6. Miles Mossop Wines "Max" (South Africa), 2004

At this point you could have given me Wild Irish Rose and told me it was Gerard Perse's latest 97-pointer. If I remember correctly, the blind-taster consensus was either "I don't know" or "blahghaghaghah". Perhaps the end of the line was the best time to encounter a spy from Stellenbosch, a Cabernet-dominated wine rounded out by 22% each Merlot and Petit Verdot (that's a lot of Petit Verdot!) After much gnashing of teeth, I suggested that it did not smell or taste like a Bordeaux. The aroma was particularly floral (the PV, methinks), and the cab giveaways in the flavor profile were underscored by gamey and chocolatey things that made Max stick out like modesty in a Jay McInerney essay.
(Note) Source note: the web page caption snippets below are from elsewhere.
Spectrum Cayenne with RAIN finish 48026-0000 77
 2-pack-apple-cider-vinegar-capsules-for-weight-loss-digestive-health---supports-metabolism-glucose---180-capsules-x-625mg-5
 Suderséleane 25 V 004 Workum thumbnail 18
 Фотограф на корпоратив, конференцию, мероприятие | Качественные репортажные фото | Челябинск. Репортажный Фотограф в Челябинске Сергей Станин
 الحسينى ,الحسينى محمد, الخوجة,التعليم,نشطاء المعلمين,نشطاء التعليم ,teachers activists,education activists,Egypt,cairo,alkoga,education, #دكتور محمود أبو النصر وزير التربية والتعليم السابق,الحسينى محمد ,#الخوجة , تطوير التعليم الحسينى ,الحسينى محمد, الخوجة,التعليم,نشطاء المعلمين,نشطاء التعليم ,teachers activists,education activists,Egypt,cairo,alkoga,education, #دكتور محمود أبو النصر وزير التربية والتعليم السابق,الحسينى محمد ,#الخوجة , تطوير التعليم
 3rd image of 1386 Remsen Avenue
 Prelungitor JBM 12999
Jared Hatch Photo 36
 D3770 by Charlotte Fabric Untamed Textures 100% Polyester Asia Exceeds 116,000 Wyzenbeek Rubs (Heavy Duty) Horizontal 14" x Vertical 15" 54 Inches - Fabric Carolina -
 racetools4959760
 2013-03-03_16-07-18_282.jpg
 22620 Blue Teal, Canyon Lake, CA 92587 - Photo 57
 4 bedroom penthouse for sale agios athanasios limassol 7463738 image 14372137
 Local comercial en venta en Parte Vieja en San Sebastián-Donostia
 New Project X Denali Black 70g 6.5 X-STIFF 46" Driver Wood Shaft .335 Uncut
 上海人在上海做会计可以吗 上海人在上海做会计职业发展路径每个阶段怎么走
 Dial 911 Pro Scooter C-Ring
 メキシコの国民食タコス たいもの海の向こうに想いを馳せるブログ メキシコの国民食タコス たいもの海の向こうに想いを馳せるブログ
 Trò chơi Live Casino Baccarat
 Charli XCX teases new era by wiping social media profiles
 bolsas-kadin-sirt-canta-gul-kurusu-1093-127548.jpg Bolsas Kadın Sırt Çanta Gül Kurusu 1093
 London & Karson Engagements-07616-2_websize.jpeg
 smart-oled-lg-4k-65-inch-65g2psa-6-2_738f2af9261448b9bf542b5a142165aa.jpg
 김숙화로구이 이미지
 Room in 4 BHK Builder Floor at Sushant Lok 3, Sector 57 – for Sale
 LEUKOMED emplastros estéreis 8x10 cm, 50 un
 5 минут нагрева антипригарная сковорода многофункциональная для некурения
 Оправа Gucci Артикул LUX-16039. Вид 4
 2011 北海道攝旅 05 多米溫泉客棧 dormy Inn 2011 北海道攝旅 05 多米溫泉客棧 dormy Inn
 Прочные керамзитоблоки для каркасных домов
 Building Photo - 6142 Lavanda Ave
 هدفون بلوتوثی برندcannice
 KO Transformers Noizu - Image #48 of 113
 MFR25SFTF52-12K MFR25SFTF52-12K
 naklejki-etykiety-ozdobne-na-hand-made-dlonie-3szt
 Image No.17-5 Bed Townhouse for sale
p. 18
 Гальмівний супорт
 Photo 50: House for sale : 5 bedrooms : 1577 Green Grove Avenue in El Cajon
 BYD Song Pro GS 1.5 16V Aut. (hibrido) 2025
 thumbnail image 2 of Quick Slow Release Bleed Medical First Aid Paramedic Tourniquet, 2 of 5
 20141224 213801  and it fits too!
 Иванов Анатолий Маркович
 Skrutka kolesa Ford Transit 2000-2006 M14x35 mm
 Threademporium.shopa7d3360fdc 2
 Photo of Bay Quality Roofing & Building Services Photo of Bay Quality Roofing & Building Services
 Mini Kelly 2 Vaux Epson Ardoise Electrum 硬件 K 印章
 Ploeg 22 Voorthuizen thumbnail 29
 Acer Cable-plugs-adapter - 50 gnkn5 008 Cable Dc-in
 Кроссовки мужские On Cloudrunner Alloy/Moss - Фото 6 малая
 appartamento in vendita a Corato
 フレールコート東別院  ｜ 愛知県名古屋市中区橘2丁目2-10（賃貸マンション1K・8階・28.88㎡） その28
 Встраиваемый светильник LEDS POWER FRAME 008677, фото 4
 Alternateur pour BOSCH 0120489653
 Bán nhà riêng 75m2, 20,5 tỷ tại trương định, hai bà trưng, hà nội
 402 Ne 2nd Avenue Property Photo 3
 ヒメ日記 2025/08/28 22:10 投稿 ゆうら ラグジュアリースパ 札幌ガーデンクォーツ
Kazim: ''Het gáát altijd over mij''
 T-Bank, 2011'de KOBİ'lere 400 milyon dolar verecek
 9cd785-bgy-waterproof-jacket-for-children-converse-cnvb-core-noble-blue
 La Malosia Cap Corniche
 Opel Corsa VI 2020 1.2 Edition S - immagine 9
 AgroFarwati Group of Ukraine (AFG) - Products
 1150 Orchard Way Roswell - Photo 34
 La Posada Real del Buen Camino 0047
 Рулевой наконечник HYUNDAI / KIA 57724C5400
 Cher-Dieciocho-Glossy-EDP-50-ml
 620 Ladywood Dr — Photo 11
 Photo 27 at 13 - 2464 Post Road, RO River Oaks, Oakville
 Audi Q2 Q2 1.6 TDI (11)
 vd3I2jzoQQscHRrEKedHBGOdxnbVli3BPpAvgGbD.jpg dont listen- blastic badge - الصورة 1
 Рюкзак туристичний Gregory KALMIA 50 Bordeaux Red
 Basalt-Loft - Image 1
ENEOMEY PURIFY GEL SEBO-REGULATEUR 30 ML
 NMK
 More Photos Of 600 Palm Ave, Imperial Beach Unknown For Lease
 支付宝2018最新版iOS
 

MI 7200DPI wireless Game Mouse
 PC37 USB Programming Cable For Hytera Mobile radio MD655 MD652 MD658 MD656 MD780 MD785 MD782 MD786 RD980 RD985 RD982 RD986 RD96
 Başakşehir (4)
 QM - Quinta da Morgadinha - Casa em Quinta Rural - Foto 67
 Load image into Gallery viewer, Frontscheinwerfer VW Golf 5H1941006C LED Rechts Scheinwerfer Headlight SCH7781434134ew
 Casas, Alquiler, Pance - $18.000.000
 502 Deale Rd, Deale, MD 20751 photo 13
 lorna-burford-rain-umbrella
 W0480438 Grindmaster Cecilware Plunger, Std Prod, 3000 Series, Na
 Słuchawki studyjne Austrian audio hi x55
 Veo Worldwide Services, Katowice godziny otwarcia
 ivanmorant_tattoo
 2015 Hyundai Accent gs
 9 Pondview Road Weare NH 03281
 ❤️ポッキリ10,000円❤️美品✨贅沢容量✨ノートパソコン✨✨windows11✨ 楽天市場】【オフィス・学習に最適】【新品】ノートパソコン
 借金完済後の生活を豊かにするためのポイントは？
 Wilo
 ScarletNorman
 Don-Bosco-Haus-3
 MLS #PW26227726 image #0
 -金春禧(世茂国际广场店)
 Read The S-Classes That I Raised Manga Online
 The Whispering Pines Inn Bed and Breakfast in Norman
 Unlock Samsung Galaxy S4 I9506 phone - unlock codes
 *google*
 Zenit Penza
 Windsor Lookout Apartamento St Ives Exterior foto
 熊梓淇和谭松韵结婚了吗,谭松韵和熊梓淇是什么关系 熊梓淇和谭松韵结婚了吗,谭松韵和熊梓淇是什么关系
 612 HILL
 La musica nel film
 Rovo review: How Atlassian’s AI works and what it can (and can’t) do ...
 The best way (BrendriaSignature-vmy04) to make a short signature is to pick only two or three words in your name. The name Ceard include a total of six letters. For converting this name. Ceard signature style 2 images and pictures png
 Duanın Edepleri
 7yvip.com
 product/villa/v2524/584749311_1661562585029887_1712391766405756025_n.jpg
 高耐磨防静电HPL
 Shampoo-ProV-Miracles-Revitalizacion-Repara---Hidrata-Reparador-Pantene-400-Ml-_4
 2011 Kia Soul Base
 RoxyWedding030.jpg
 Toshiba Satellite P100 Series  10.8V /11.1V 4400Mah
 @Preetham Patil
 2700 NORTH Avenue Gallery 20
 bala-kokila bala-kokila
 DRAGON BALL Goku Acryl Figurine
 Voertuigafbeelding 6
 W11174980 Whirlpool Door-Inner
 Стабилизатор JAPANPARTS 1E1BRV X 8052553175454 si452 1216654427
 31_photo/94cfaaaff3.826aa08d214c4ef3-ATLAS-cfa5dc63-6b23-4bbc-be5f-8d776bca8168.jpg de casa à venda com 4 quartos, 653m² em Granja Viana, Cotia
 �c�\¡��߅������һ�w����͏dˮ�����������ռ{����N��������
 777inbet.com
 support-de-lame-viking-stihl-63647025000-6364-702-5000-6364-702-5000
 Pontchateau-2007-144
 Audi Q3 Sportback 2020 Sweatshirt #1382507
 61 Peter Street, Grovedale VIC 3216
Sorry to arrive at such a tired old saw, but a Bordeaux blend from another hemisphere is going to taste worlds different from the stuff that got President Jefferson drunk. Mr. Mossop, is, of course, aiming to make his own unique wine, and succeeding admirably. But Max and all other wines that blend Cabernets, Merlot, Petit Verdot, Malbec, etc. will always ferment under the long shadow of "Bordeaux"--an increasingly meaningful and meaningless word that may refer to a port city, a vine-infested suburb, a blending recipe, or an unrealistic ideal. Which one, I reckon, depends on how blind you are.

Recent notables:
  • A. Clape Cornas 2001 - Purple color, with a very floral and blackberry-scented nose. Indisputably delicious, but is holding something back right now. Wish I could afford to lay some down.
  • M. Chapoutier Cotes-du-Rhone "Belleruche" 2006 - Full-bodied and exploding with fruit, this is a boffo value for under $10. Firm tannins guarantee success with any hearty meat or vegetable preparations.
  • Yalumba Viognier 2007 - Well, I don't expect much throwing the dice on budget viognier. Chateau-Grillet it ain't, but if you like simple, less-oaked whites made from inherently rich grapes, give it a go. Smells kind of like the inside of an apple pie before it's cooked, and has substantial acid. I'd probably prefer similarly-priced Chardonnay.
  • Chateau Ste. Michelle Columbia Valley Riesling 2007 - Eh. I struggle with the idea of "everyday" Riesling. This is nicely off-dry with the required acidity, but the lime/apple fruit makes its point too quickly, and there are no indications that this has the potential to develop petroleum-flavored perfection over time.